Do you think that the sentences your husbands received were a reward granted to anti-Castro forces in Florida?
We are totally convinced of that, since in the U.S. even self-confessed spies have been traded or deported or have been given much lighter sentences that the ones they [the Five] were given. Their sentences were meant to satisfy the demands of Cuban-American representatives in Congress who have always been supporters of these organizations which asked for blood and wanted the U.S. government to take reprisals against them.
And why were they treated differently?
Because this is clearly a political trial, given their being Cuban, given that the trial was held in the city of Miami, a change of venue was requested and denied, which all gives the impression that this arrest was due to pressure from the community in Miami.
If you describe this as a political trial, do you believe that a political solution is possible?
At some earlier point, we trusted, to some degree, that justice was possible within the U.S. legal system, but over 13 years we have witnessed charges made with no evidence, juries under pressure, press coverage bought to make false reports, among other things and after 13 years we have exhausted all of the legal options.
Gerardo Hernández' defense has submitted a habeas corpus. What exactly is being requested?
We consider as new evidence the payments made by the U.S. government to journalists who were following the case, in order to ensure negative coverage of the Five, poisoning even more the environment and prejudicing the jury, which was denounced by The New York Times in 2006.
Additionally, Gerardo's defense did not have access to all the technical evidence, such as the U.S. radar reports which show that he had nothing to do with the downing of the Brothers to the Rescue planes, which occurred in Cuban national waters in 1996 after Cuba had submitted 26 diplomatic notes to the U.S. government stating that this organization's aircraft were violating Cuban air space.
How have different U.S. administrations approached the case?
We've been through three administrations. It was Clinton's which arrested them when they could have deported them. Then came Bush, when everything worsened legally and politically, there was no change whatsoever in their positions, and then the Obama administration which has not offered any solution to the problem.
Over these 13 years, have you been able to see your husband?
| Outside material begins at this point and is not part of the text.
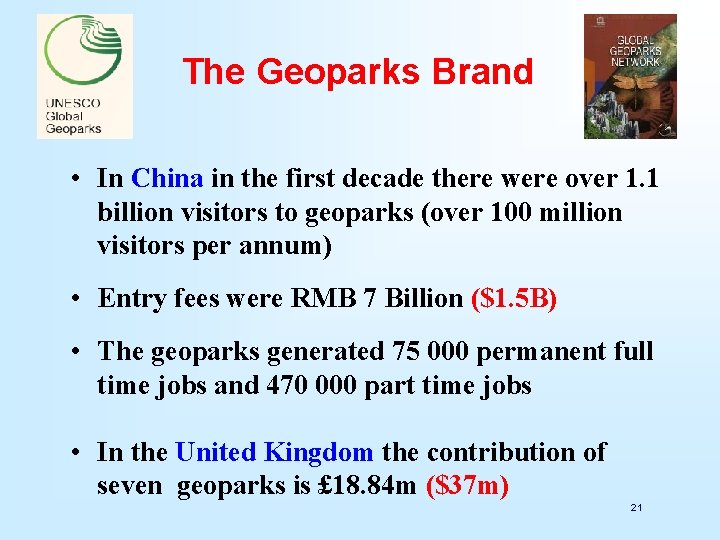 The Geoparks Brand • In China in the first decade there were over 1.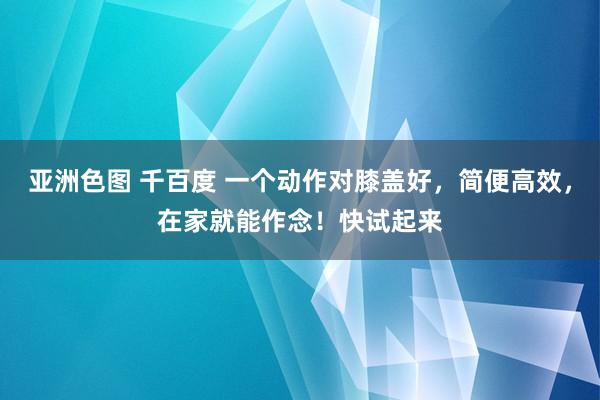 亚洲色图 千百度 一个动作对膝盖好，简便高效，在家就能作念！快试起来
Throughout all of this time, the U.S. government has repeatedly denied Olga, the wife of René González and myself visas to visit them, something which we are entitled to do once a month, as are relatives of any other prisoner. We have demanded this right which we have.
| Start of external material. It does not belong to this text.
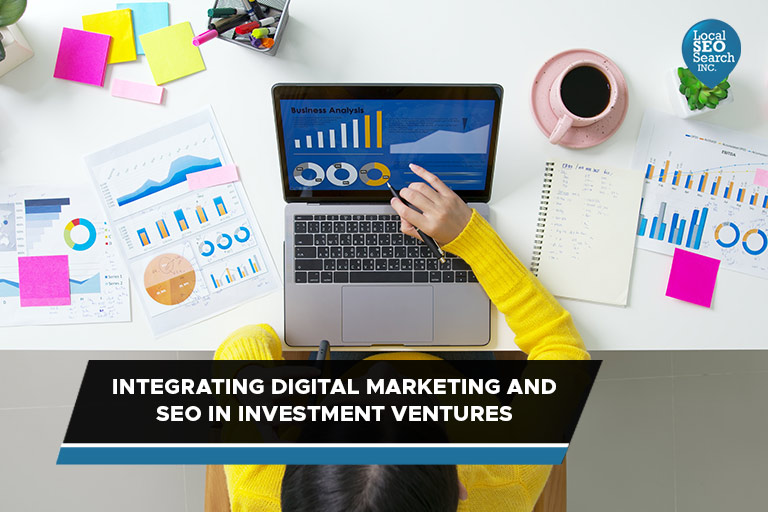 Integrating Digital Marketing and SEO in Investment Ventures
The U.S. accuses the Cuban government of using the case of the Five to fuel conflict between the two countries and hide internal problems.
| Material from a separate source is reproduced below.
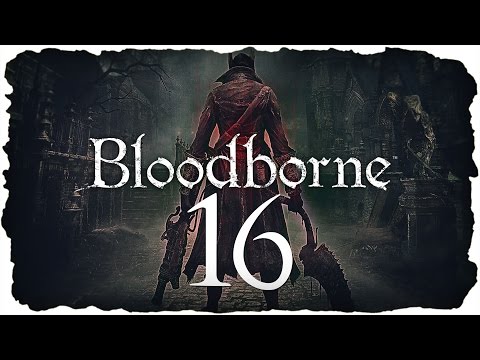 Bloodborne | #16 BLIND | The Witch of Hemwick, Prey Slaughtered.
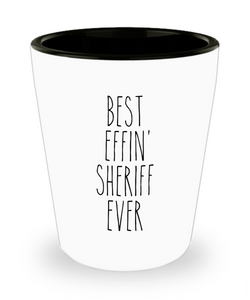 Gift For Sheriff Best Effin' Sheriff Ever Ceramic Shot Glass Funny Coworker Gifts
The conflict between the U.S. and Cuba is more than 50 years old, that's why we made the Revolution since we already had a conflict with them, but it should be clear that we Cubans were not the ones who have politicized the case, but rather the U.S. press and courts. We have not attacked the United States, we do not have a blockade, we do not take measures against the people, so who then is promoting a political campaign? We Cubans? All we want is to live in peace.
Your husband is considered a hero by the Cuban people. How do you feel being the wife of a hero?
The personal side is the hardest for us, from our private point of view they are the heroes of our lives. Gerardo is for me a man of many virtues and values, who I fell in love with and am still in love with, a man I deeply respect for what he did, but in our day to day lives, the wound is open. Being in a situation like this is very hard, with moments of hopelessness when you feel weak, but you don't lose heart.
How do you draw strength?
I cannot tell you that the strength emerges like natural spring water, but you think about them, they have withstood difficult conditions in prison, not being able to see each other for years; if they have withstood the pressure, lost a portion of their youth… how are you not going to do so? But also, there is a balance between love and commitment, not the banal or superficial kind but the reality that we share in what they did, because they are no different from other Cubans. Here we can criticize what we don't like, but in the final hour this people stands firm.
Do you think about your life when you are together again?
Saying no would be a lie, since this is the hope I live with, why we keep the hope alive. We have many, many plans. First to try and forget all that we have lived, to heal and close the wounds. We have learned to value other things and remember that we are not alone. What we have done has taken a toll on our lives, but it has been worth it. For them we have kept the hope alive that they will return since they cannot deny us the right to dream of a better future, they cannot take away our desire for happiness and we struggle for that everyday.